Data shown
□ □ □ □ □

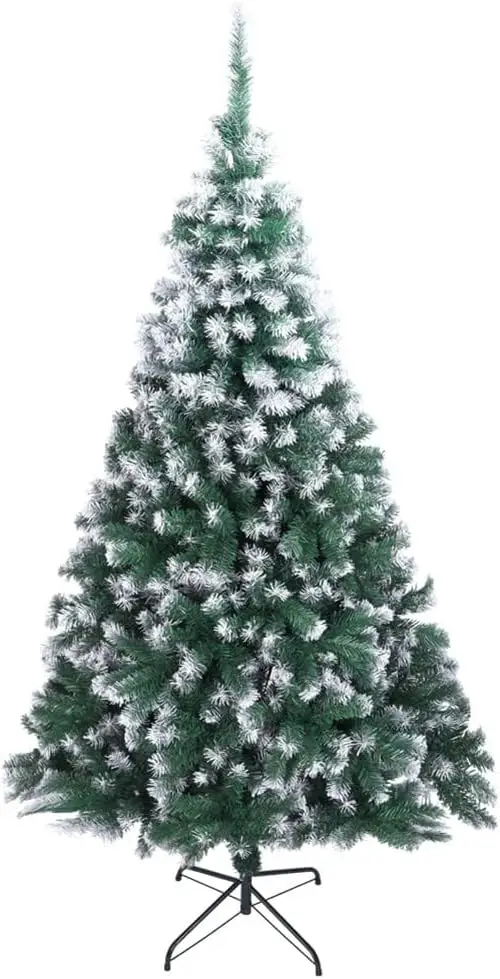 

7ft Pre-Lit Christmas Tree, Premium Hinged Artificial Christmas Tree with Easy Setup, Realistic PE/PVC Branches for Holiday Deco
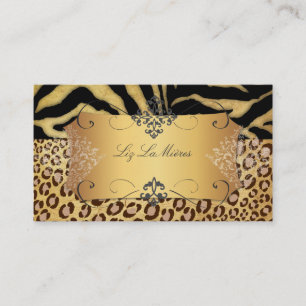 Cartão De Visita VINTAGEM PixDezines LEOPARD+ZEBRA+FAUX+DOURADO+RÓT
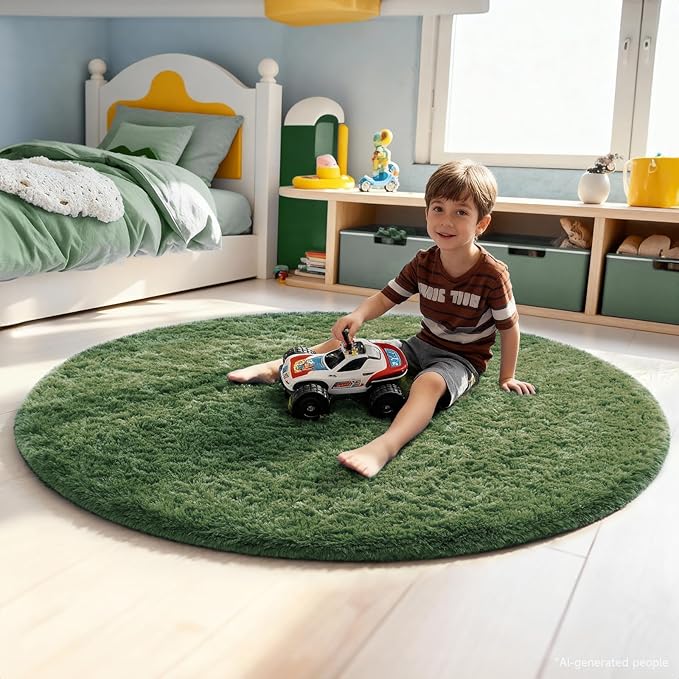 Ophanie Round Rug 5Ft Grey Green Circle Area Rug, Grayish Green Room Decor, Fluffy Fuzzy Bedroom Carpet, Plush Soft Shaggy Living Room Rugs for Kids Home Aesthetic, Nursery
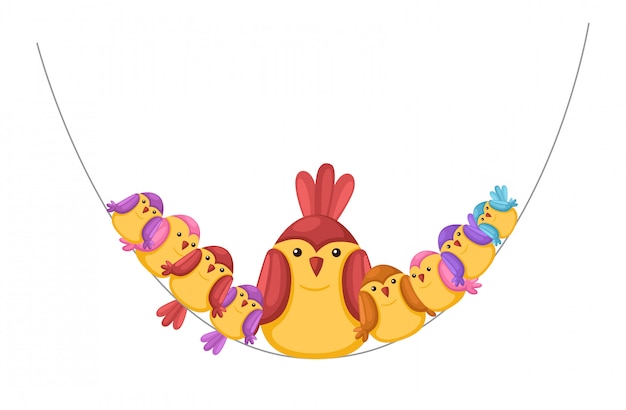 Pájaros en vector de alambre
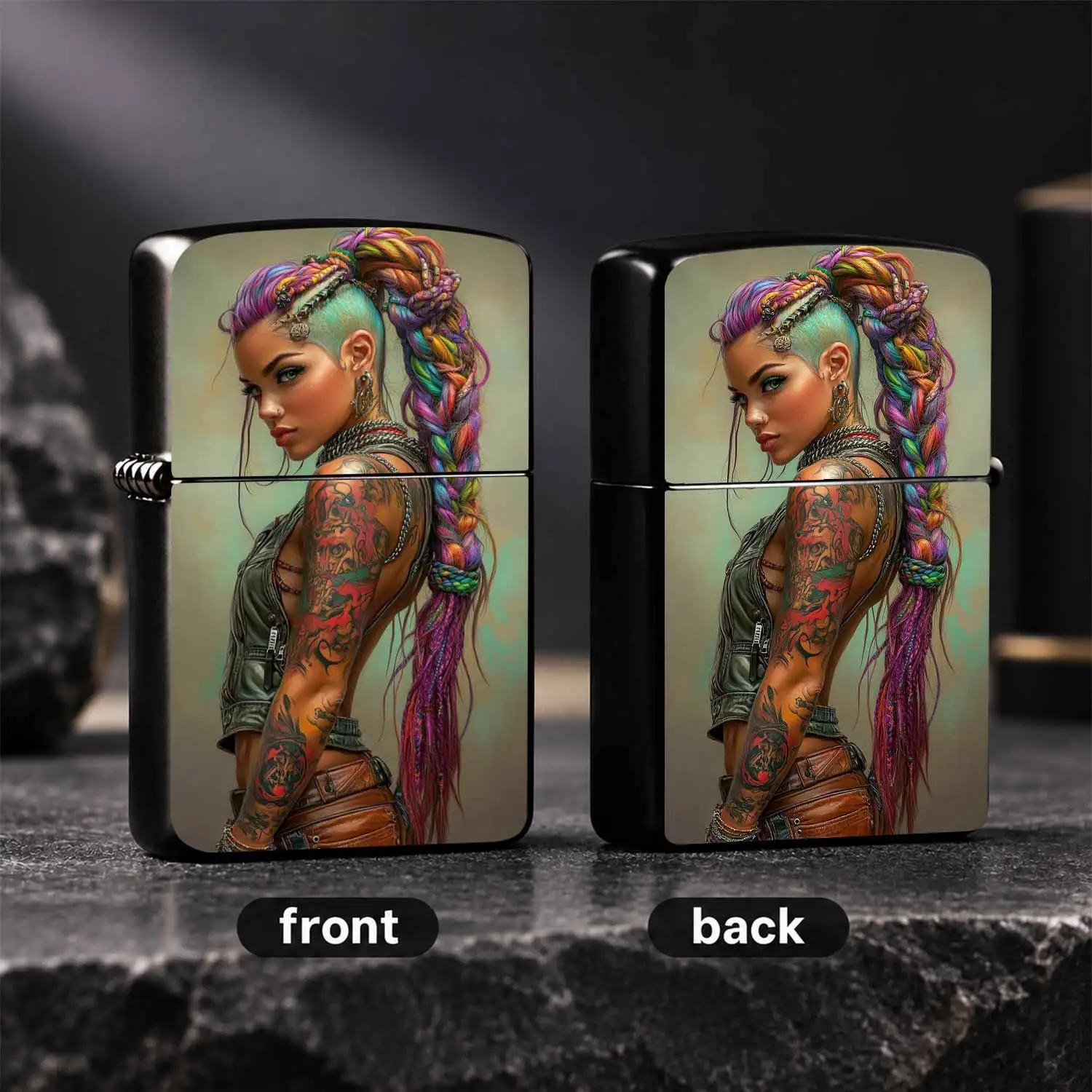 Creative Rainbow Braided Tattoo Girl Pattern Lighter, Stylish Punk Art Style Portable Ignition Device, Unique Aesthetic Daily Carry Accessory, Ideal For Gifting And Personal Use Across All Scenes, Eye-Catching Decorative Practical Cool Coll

□ □ □ □ □

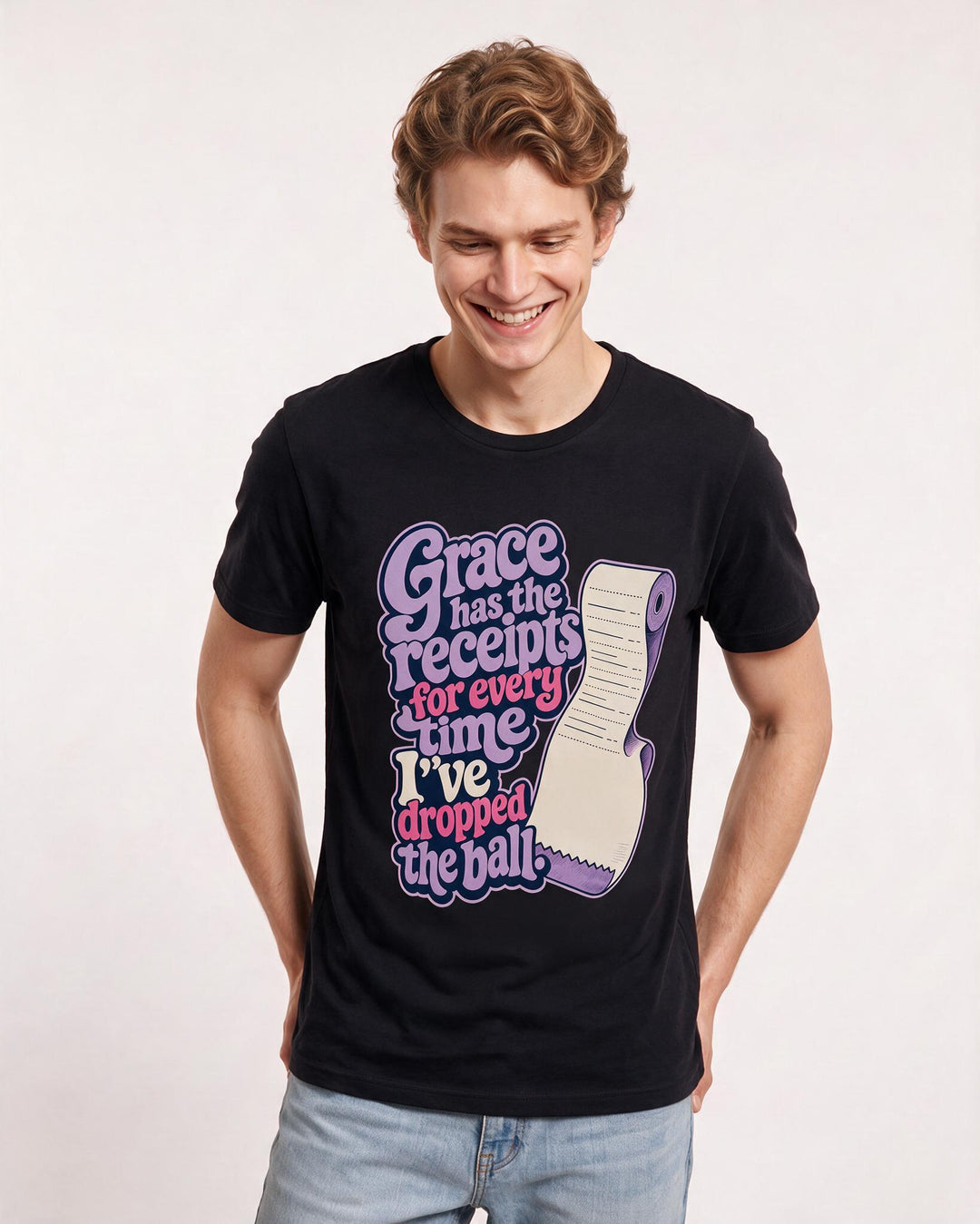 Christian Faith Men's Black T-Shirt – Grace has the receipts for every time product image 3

□ □ □ □ □

Work request
Both the line above containing "7ft Pre-Lit Christmas" and the line containing "Creative Rainbow Braided" belong in the copy, along with every line between them; print these exactly and omit the pictures.

Answer area
7ft Pre-Lit Christmas Tree, Premium Hinged Artificial Christmas Tree with Easy Setup, Realistic PE/PVC Branches for Holiday Deco
 Cartão De Visita VINTAGEM PixDezines LEOPARD+ZEBRA+FAUX+DOURADO+RÓT
 Ophanie Round Rug 5Ft Grey Green Circle Area Rug, Grayish Green Room Decor, Fluffy Fuzzy Bedroom Carpet, Plush Soft Shaggy Living Room Rugs for Kids Home Aesthetic, Nursery
 Pájaros en vector de alambre
 Creative Rainbow Braided Tattoo Girl Pattern Lighter, Stylish Punk Art Style Portable Ignition Device, Unique Aesthetic Daily Carry Accessory, Ideal For Gifting And Personal Use Across All Scenes, Eye-Catching Decorative Practical Cool Coll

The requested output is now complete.